于是,便出现了为植物请命、主张动物权利的生态伦理学。恕我直言,人类诚然“虚伪”,但这些生态伦理学家则都是双料的虚伪。因为尽管人类犯下了滔天罪孽,我们依然是同类,依然只能站在人的立场上,而不是驴、青蛙、或者黄鼠狼立场上思考问题。当这些学者硬要人类站到动植立场上之后,他们所主张的“权利”便变得更荒谬绝伦了。道理很简单,即便对最温顺的小白兔、老绵羊而言,最凶险、最恶毒的敌人也是人类!我相信,除去狗之外,动物们拥有了“权利”后,首要的议程,便是将人类清除出地球!即便不是这样,只要地球上的生命权利都“神圣不可侵犯”,人类也一天存活不下去。

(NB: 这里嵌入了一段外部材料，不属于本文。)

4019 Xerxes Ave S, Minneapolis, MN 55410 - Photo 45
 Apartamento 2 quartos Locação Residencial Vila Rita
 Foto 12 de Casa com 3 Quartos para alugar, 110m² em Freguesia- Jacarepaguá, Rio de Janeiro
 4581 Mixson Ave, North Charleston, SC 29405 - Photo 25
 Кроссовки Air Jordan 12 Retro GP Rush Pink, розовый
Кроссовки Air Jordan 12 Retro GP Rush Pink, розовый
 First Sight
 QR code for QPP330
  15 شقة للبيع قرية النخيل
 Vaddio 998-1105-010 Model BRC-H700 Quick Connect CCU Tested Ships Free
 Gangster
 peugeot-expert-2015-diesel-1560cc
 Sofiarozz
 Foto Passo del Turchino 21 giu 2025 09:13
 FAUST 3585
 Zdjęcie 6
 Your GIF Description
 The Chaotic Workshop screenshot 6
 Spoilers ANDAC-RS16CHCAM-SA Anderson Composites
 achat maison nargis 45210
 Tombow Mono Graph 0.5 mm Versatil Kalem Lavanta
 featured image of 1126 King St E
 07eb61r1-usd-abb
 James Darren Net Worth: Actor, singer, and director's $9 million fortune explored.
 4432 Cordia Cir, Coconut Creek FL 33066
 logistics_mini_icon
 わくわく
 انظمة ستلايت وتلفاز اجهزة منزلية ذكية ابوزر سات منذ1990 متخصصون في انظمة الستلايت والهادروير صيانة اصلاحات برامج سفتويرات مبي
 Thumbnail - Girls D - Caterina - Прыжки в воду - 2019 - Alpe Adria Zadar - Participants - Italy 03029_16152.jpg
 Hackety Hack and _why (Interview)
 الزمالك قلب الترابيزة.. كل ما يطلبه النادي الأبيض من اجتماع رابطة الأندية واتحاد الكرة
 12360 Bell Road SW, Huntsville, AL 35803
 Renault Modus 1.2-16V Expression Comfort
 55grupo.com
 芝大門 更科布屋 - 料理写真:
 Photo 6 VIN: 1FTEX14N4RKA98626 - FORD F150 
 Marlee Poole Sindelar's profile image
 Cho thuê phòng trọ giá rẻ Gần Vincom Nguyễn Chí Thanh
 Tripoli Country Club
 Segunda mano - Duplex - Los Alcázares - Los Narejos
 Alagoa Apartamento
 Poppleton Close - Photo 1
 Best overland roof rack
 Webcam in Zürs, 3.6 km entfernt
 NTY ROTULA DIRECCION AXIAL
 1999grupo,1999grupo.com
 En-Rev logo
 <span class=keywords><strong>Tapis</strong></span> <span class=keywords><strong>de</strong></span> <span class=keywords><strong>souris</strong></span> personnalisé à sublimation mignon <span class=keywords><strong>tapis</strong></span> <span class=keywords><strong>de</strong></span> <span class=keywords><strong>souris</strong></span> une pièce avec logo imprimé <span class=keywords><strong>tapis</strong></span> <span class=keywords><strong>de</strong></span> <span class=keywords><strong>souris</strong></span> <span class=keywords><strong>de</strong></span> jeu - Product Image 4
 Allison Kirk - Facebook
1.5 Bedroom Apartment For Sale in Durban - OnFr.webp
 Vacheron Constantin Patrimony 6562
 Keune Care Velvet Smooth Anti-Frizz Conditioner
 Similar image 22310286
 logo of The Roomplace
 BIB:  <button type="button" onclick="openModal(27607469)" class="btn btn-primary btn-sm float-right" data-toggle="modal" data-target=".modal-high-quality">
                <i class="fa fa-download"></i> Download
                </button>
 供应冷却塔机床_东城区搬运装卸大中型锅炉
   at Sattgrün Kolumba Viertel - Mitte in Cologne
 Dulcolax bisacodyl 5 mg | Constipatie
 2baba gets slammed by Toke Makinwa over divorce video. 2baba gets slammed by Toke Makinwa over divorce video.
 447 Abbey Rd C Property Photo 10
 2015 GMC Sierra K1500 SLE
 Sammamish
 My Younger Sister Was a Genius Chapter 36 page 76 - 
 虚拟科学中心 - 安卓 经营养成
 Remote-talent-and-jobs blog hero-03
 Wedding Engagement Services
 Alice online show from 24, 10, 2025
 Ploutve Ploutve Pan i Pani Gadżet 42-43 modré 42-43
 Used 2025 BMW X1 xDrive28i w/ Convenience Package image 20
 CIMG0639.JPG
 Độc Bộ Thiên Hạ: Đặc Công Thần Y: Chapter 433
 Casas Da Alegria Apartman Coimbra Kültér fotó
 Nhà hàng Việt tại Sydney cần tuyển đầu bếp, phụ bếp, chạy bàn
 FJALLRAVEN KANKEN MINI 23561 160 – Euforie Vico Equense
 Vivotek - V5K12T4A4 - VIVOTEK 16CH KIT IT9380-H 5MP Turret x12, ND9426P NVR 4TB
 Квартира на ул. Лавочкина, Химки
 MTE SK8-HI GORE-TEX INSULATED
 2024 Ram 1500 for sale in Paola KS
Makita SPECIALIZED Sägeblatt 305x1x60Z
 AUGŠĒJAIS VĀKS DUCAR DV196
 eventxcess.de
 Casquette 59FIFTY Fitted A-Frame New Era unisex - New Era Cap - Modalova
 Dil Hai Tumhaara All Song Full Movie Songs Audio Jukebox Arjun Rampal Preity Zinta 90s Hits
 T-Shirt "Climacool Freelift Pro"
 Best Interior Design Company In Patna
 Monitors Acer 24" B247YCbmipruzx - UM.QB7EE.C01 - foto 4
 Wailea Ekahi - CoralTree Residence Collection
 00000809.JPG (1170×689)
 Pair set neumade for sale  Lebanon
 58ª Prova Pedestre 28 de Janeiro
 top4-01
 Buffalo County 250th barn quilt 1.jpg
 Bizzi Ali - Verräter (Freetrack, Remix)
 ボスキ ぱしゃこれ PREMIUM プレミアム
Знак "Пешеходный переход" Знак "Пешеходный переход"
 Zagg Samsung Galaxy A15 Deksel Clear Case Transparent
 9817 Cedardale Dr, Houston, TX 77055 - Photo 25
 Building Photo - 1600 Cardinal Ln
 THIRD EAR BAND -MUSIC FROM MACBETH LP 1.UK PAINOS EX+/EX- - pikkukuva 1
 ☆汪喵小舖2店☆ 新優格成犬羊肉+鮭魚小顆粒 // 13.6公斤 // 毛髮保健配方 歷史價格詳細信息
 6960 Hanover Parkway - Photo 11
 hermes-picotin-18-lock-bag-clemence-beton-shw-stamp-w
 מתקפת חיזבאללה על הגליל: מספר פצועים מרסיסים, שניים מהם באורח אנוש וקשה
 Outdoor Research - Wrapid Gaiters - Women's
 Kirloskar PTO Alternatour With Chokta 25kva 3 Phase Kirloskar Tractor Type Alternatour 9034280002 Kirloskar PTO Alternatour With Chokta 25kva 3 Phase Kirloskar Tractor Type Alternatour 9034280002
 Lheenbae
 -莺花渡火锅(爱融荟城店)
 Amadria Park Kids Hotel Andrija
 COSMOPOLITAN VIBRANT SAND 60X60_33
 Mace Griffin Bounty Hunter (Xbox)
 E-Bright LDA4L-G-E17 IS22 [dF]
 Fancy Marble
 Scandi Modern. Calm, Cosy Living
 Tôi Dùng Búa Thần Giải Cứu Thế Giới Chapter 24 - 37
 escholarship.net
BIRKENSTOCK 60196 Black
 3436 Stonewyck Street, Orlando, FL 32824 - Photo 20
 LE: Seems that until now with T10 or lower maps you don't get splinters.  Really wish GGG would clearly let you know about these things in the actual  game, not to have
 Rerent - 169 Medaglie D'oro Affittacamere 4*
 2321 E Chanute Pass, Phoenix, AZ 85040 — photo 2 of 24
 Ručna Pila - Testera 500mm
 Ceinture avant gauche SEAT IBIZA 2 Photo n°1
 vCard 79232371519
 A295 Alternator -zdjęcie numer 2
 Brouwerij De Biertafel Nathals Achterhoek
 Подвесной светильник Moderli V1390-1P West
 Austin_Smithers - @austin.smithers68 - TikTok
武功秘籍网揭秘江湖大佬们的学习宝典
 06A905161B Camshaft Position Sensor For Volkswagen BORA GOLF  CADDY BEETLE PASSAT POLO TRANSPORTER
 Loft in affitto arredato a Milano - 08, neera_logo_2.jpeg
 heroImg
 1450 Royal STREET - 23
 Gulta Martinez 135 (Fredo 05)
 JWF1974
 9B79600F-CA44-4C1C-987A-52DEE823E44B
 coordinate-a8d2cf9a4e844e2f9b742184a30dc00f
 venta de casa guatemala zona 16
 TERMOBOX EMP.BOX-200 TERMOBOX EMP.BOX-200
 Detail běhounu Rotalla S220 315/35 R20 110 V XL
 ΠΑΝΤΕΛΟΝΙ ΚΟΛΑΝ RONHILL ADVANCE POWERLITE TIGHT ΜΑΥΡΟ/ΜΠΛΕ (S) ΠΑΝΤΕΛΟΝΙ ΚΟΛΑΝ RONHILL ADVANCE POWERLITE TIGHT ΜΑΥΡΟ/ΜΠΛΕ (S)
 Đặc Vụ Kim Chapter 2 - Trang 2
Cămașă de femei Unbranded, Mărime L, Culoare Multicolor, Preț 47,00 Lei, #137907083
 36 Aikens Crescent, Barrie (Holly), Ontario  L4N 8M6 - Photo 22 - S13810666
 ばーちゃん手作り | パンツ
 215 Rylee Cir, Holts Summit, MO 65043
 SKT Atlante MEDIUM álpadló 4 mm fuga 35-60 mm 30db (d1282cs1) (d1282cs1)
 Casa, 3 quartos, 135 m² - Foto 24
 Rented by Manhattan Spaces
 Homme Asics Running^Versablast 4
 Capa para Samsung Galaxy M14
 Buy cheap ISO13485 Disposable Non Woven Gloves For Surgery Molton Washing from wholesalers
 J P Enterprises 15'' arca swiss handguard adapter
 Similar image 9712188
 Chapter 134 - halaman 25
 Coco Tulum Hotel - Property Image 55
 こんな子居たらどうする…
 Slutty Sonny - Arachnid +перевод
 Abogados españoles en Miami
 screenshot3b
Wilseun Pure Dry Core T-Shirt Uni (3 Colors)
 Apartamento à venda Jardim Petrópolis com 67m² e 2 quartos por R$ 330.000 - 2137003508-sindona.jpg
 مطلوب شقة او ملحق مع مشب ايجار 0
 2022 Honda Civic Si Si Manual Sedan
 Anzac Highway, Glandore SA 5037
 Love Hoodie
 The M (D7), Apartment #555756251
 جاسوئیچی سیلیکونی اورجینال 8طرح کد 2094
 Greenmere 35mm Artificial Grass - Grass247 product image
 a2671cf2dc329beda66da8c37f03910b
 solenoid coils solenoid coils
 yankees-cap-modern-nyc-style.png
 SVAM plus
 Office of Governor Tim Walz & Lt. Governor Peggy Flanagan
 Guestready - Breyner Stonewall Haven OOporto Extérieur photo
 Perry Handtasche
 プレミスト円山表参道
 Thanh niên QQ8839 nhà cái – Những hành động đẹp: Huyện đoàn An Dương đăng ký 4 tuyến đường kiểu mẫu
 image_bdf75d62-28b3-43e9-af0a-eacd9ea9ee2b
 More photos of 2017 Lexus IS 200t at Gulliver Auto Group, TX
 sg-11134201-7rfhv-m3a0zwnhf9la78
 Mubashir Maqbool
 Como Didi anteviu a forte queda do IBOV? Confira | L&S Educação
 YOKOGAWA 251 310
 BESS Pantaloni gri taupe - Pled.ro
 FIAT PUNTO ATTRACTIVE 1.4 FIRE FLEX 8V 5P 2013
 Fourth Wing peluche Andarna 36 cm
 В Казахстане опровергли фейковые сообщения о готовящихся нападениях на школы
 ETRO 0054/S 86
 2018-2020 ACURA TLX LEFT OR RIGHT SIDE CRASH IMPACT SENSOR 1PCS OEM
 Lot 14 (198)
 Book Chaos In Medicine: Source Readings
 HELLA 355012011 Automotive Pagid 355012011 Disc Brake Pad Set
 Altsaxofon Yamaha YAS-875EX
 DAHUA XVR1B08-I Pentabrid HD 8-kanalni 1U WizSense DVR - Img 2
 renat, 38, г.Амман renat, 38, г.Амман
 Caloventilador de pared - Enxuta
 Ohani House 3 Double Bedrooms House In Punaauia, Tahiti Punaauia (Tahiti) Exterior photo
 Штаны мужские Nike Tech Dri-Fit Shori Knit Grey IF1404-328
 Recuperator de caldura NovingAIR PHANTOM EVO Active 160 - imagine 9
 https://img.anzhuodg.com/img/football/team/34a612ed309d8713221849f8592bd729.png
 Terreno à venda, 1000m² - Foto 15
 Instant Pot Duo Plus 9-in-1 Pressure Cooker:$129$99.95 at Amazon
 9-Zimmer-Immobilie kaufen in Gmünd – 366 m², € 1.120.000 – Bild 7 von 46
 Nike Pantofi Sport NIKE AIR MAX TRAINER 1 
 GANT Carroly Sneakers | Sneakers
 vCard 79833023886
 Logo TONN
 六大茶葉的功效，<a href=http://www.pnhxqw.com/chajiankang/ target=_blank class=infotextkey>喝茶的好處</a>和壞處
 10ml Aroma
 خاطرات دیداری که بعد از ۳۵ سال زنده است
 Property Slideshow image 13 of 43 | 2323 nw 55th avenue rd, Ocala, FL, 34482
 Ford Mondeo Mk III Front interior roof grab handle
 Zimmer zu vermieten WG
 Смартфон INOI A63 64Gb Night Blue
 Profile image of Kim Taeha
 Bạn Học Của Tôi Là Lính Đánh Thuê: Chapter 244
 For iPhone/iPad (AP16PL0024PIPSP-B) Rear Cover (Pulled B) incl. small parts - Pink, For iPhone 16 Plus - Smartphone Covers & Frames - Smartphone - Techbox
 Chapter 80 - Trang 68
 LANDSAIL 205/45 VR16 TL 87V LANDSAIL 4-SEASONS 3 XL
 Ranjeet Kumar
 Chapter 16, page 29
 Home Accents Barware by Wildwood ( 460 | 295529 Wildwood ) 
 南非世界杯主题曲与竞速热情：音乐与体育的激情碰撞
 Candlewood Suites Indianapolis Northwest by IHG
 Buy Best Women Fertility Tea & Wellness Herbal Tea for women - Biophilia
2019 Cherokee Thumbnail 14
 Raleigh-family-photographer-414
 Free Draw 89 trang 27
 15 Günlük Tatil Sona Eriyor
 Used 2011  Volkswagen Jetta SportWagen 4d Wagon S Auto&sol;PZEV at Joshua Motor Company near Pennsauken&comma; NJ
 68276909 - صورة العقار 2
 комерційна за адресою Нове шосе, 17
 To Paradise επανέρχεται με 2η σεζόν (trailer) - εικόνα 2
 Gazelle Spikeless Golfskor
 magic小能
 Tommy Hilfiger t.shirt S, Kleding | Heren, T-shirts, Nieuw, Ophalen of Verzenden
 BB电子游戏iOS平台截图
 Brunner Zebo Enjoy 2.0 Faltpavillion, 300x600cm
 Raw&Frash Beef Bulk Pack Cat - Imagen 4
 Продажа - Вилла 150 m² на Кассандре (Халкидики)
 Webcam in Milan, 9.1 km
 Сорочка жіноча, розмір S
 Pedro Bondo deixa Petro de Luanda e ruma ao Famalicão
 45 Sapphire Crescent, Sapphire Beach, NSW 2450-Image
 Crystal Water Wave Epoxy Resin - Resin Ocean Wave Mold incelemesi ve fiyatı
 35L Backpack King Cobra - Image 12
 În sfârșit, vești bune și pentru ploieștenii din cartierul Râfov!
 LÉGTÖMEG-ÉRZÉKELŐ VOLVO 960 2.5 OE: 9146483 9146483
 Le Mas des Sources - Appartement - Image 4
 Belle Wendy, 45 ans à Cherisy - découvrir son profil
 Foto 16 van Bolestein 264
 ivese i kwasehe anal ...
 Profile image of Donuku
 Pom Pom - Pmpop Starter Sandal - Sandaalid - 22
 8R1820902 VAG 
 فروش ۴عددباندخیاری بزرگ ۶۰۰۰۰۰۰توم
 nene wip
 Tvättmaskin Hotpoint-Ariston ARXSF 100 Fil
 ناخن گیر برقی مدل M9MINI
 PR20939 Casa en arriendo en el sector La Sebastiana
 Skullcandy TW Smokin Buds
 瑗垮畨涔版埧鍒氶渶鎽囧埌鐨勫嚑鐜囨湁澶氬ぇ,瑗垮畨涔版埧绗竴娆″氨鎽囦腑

因此,人类的确不能像维护人的生命一样维护所有动物植物细菌的生命,而还要时时刻刻靠牺牲这些生命来维持自己的生命,美国人也依然要用吃掉千万只火鸡的方式,来向火鸡感恩!
反对“人类中心主义”的伪君子们犯了一个严重错误,就是混淆了存在论和价值论这两种不同的“人类中心主义”。既往人类的错误,在于自认为人类是世界存在中心,为所欲为,这种无知加狂妄的态度,才导致了人类用文明摧毁自己生命摇篮的可怕悲剧。我们必然承认,人也属于自然,是“生物进化树”上最高的“一枝”,人类的智慧,也只是地球摇篮孕育出的璀灿生命之花而已。借用一句很有哲理的话说:人属于大地,但大地从来不属于人类。同样道理,人属于生态系统,但生态系统也从来不属于人类。因此,人类从来不是、也永远不会是自然的中心,在自然界中,在生态系统中,人类永远只能是非常渺小的存在;人类必须看清自己的位置、安守本身,像爱护自己的眼睛一样,爱护好地球生态系统——人类生命的摇篮。
但是,价值论意义上的“人类中心主义”却不能被否定,也否定不了,现实人类永远只能以人类利益为中心去对待世界、判断利害、审美审丑,而不是站到驴、青蛙、或者黄鼠狼立场上去看世界、判利害、审美丑。这就是说,人类还必须继续“虚伪”地一面审美、一面果腹,只是人类所有的果腹行为,都必须以不破坏自然生态为前提,把自己价值立场,建立在维护自然规律、保护地球生命摇篮的基础上。这就要求,我们一要尊重自然生态及生物多样性存在,二要遵循自然生态系统及生物链固有存在及运行规律。从无机物到最低级的生命细菌再到最高级的动物人,多样性的生态及物种共时性存在,展示的正是自然历时性进化成果,而确保由它们构成的生态系统及生物链正常运转,正是人类类生存利益最大化之所在。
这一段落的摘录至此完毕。